RECORDS FOR PROCESSING:
————————
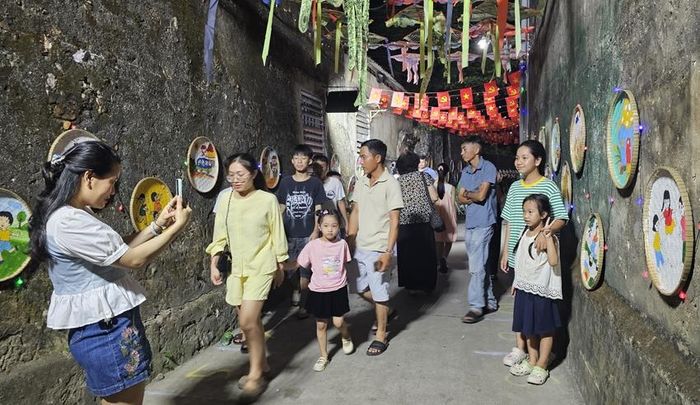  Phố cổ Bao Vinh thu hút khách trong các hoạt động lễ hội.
————————
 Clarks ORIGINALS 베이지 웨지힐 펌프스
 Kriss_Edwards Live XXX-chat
————————
PROMPT: Would you please copy exactly the part of the entries above that begins at the line containing "Clarks ORIGINALS 베이지 웨지힐 펌프스" and ends at the line containing "Kriss_Edwards Live XXX-chat", both lines included?

SOLVED EXERCISE:
 Clarks ORIGINALS 베이지 웨지힐 펌프스
 Kriss_Edwards Live XXX-chat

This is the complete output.